▶ [ACTIVITY]: Transcribe the listing in full, word for word; pictures do not belong in the copy.

▶ [DATA PROVIDED]:
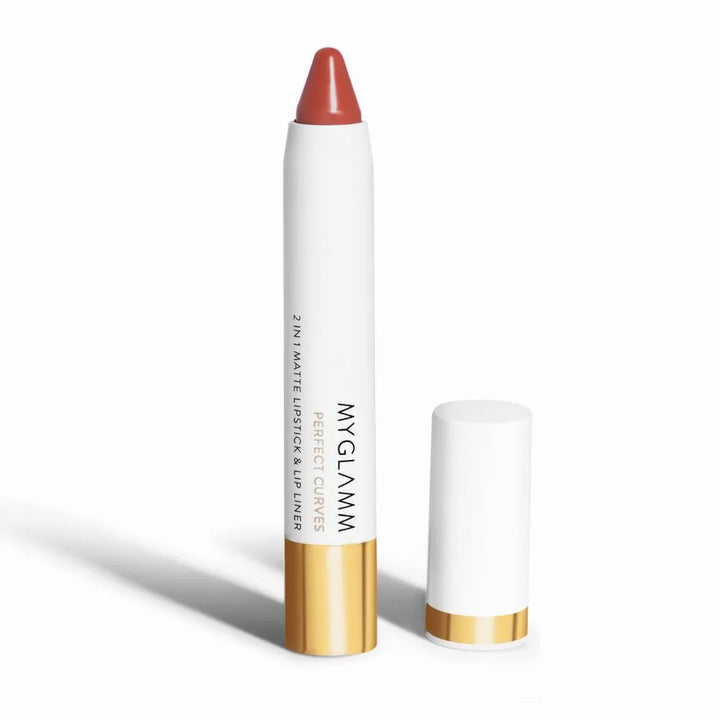 MyGlamm - Perfect Curves Moisturising Matte Lip Crayon 3.7g Shade Biscotti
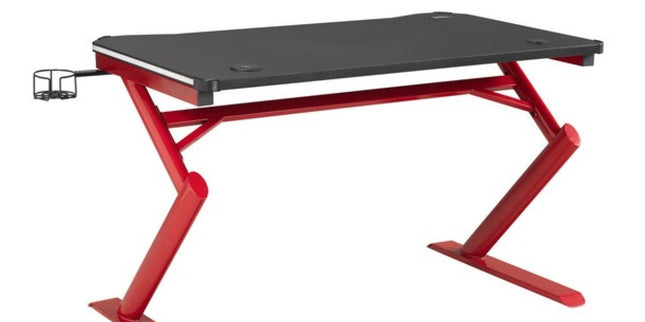 GAMING DESK & CHAIR SET, BLACK/RED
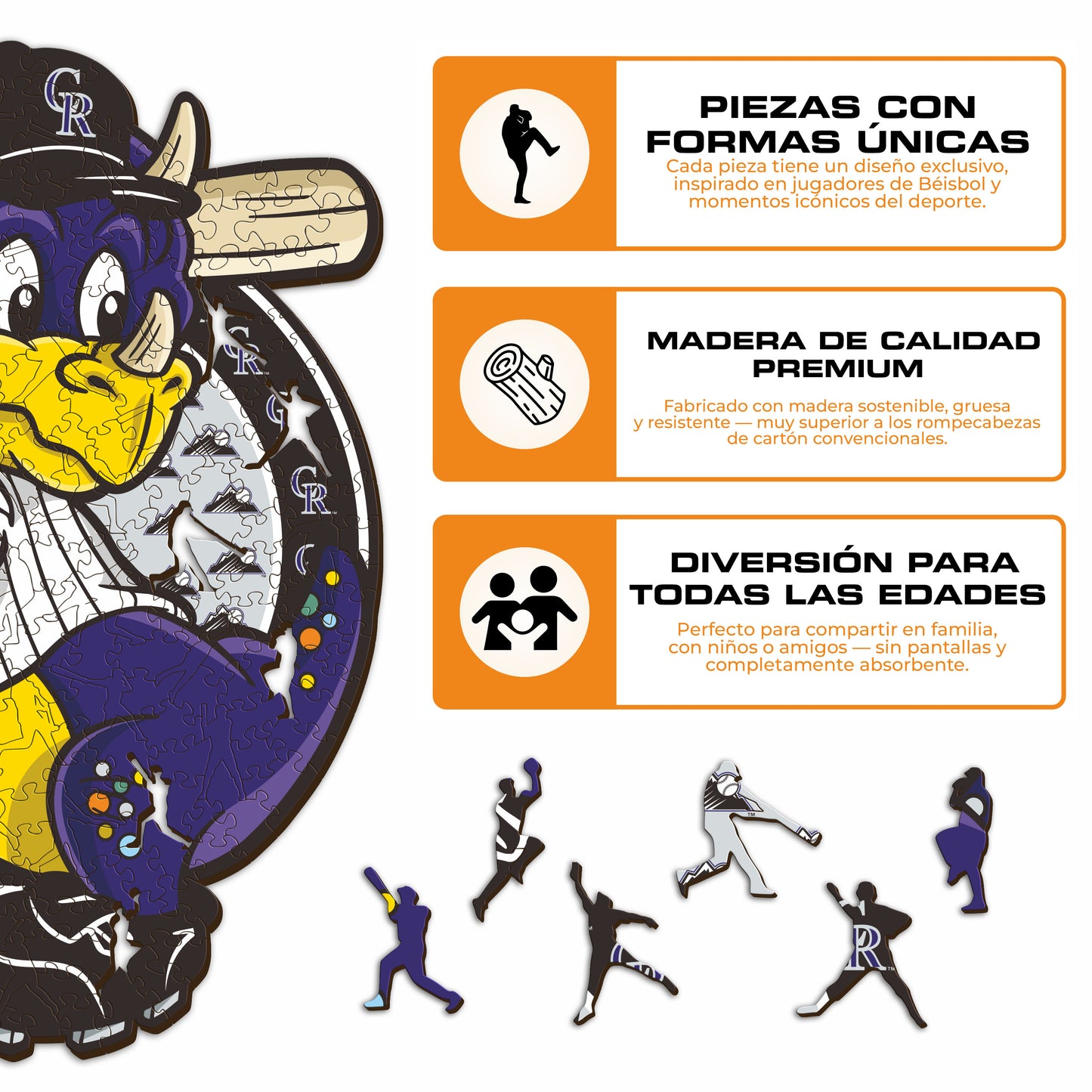 Colorado Rockies™ Mascota - Rompecabezas de Madera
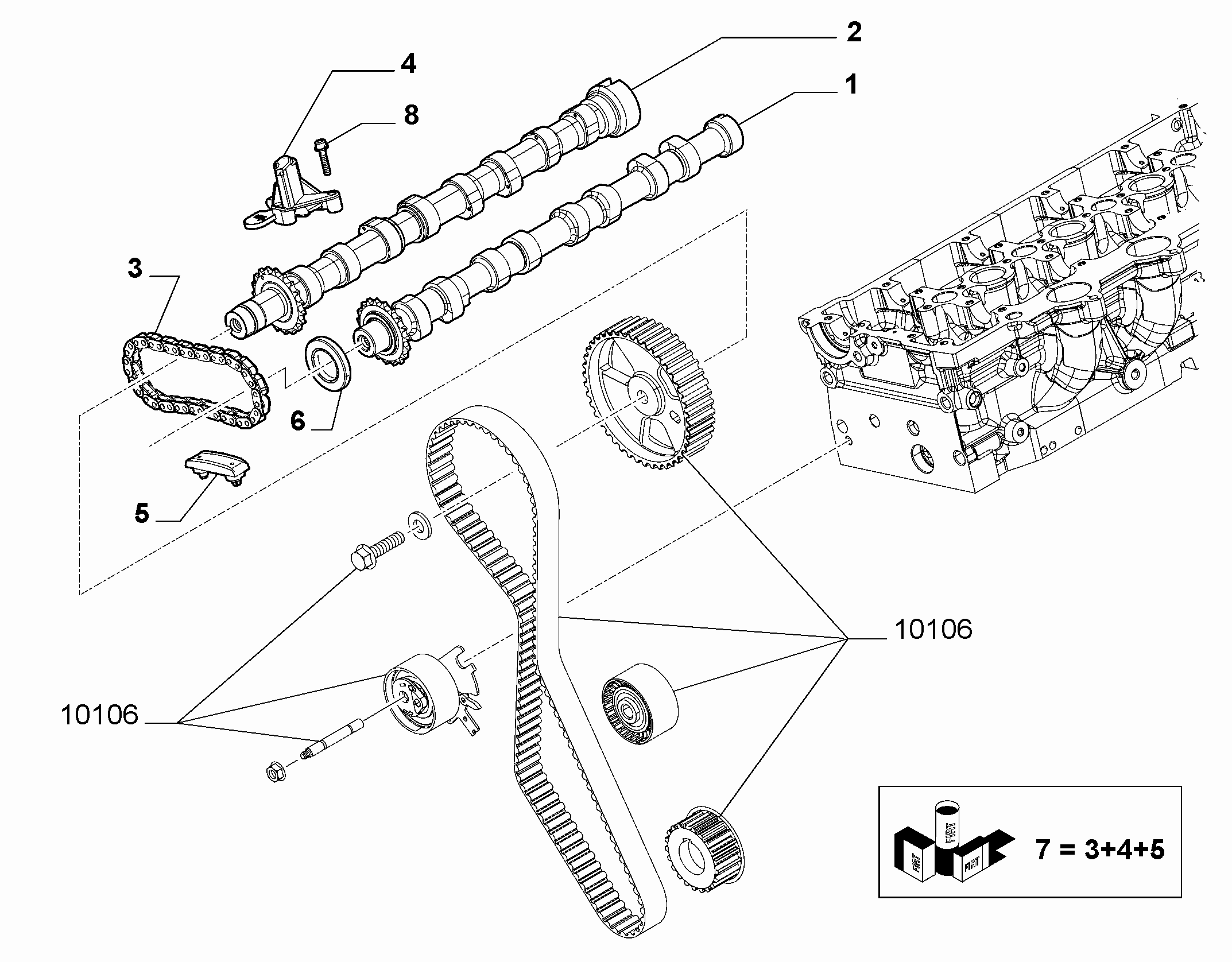 FIAT 9400807289 - Paraolio, Albero a camme www.autoricambit.com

▶ [TASK RESPONSE]:
 MyGlamm - Perfect Curves Moisturising Matte Lip Crayon 3.7g Shade Biscotti
 GAMING DESK & CHAIR SET, BLACK/RED
 Colorado Rockies™ Mascota - Rompecabezas de Madera
 FIAT 9400807289 - Paraolio, Albero a camme www.autoricambit.com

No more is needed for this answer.